For a global city, we sure are uneasy about our immigrants
A number of years ago, a member of a local faith organization introduced us to a woman, Erica, whose brother, Beto, had been snatched off the subway platform at Market-East Station as he was on his way to work, and detained until ICE could ascertain whether he was undocumented or not. Beto had been on a platform full of people, but only a few were singled out for immigration status checks — all of them Latinos going to restaurant jobs, wearing sneakers and carrying backpacks.
Profiling by race, ethnicity and even clothing, has been bog standard for law enforcement agencies from Philadelphia to Arizona, but according to Erica (who spoke to her brother about his apprehension after he had already been deported) there was another measure that heaped suspicion on her brother and the others taken that day: their accent. The law enforcement agents had gone up and down the platform asking each individual what time it was. If the answer was given in heavily Spanish-accented English, it was enough to make them suspect.
We were reminded of this anecdote this weekend, when the Philadelphia Inquirer ran a story about Roselyn Gray, a Philadelphia resident born in Liberia, who went into the Spectrum Community Health Center in Philadelphia due to an allergic reaction to penicillin, and was immediately shunted off to the University of Pennsylvania to be tested for Ebola. “Widespread tension about Ebola,” Melissa Dribben’s article of Oct. 27 states, “has made even perfectly healthy people from African countries wary about identifying themselves.”
Dribben goes on to quote Oni Richards-Waritay, the executive director of the African Family Health Organization: “People are trying to mask their accents and not wearing African clothing. They don’t want to be stigmatized.” In fact, Richards-Waritay recounts to Dribben that last week, when she took her 2-year-old son to the hospital because of a nosebleed, she enjoined her husband not to speak. “His accent is stronger than mine,” she told the Inquirer reporter.
Not that this racial profiling and immigrant-blame game is isolated to Philadelphia. In New Jersey an elementary school required two Rwandan students to stay away for the next 21 days, for fear of Ebola, even though Rwanda is futher away from Sierra Leone, Liberia and Guinea than New Jersey is from Texas. And in New York, two Senegalese-American boys were called “Ebola” in school, and beaten and harassed.

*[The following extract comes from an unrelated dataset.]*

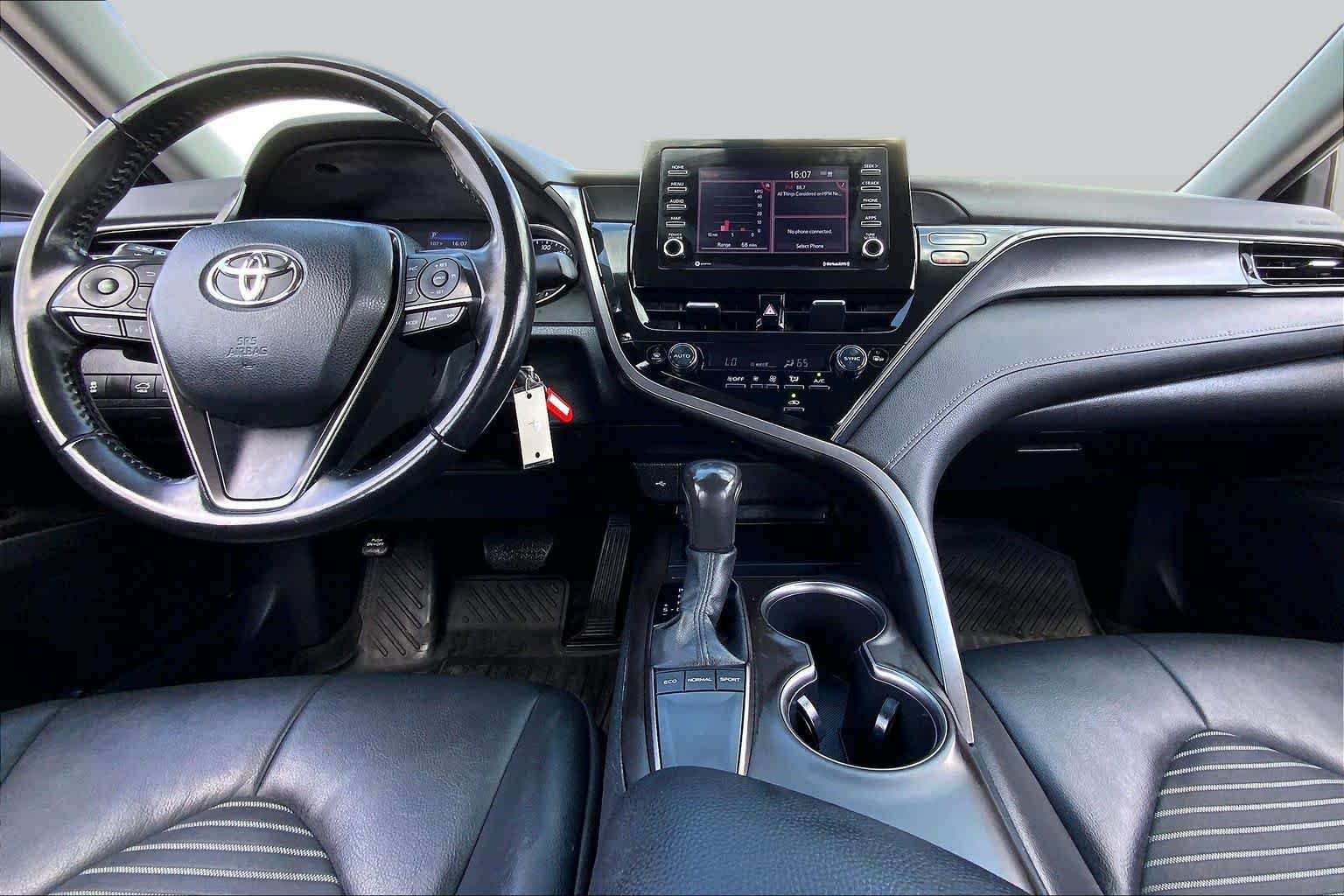 Used 2023 Ice Cap Toyota SE image 15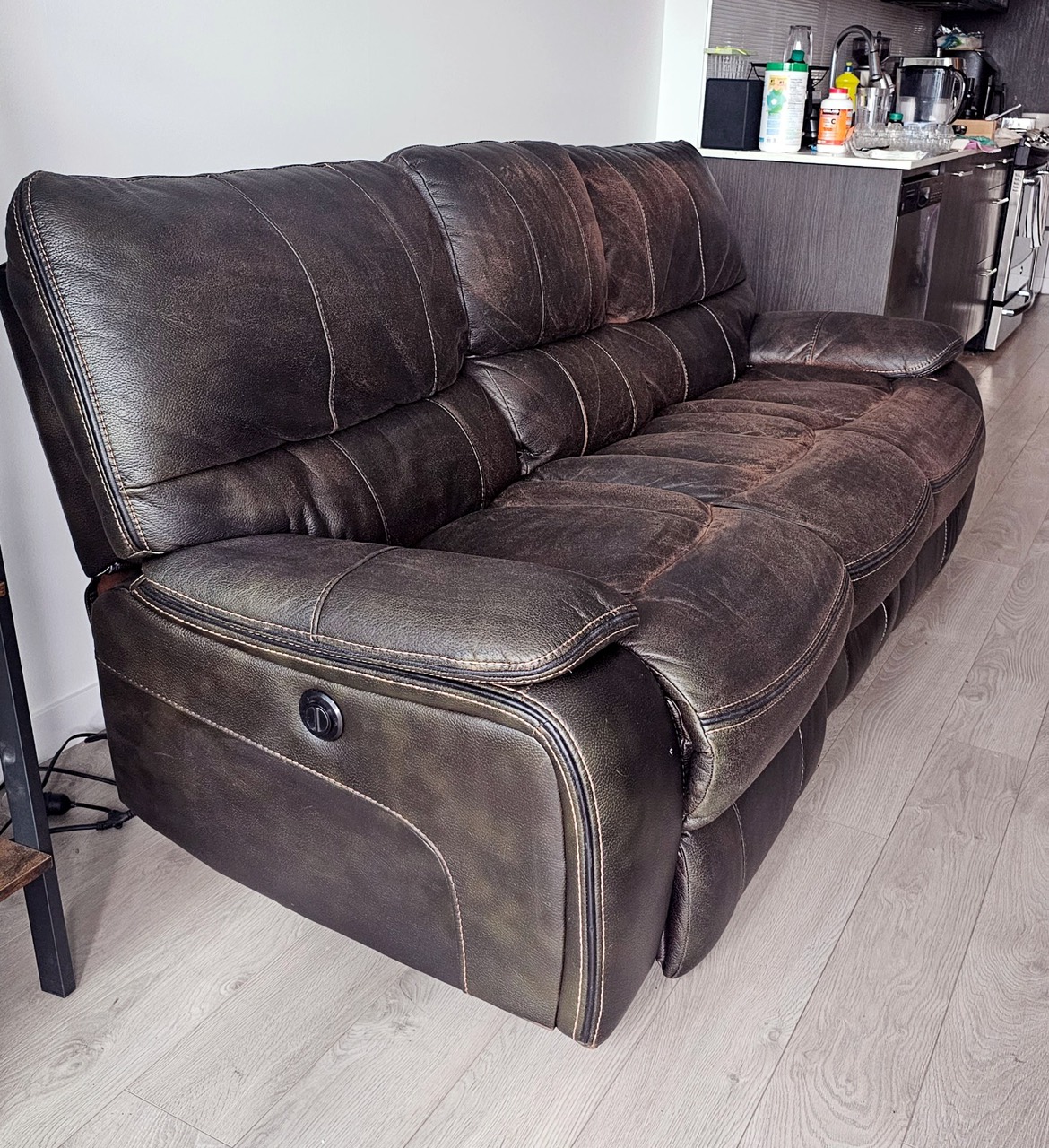 Reclining Couch / Sofa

“Fearbola” is what people are calling the contagion panic that seems to have beset us. Yes, the fear of Ebola is genuine, but it has expressed itself in xenophobic ways precisely because at its heart is a panic less about disease than about immigrants.

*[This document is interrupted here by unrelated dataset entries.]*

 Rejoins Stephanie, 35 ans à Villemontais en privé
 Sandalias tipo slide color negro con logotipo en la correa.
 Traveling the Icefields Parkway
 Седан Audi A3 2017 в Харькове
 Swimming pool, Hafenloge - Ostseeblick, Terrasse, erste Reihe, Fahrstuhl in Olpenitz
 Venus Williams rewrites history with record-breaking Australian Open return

Just as West African (all African) immigrants embody Ebola for the panicked xenophobe, so do the unaccompanied Central American minors at the border embody Enterovirus (which the minors have been accused of bringing to the U.S., and so causing a “mini pandemic”).
The panic and the accusations in any and all of these instances have less to do with whether the immigrant population is documented or undocumented, established or seeking refuge, middle class or poor, resident or transient, sick or healthy — the crucial part is that they are all immigrants.
Foreigners. Those who bear the markers, whether in speech or demeanor, of not being whatever we visualize the default American to be.
Science can address the pathology of diseases, but only we — the ordinary citizens of this nation and city — can address the pathologies of racism and xenophobia. It’s pandemic, and it’s well past time we start addressing it.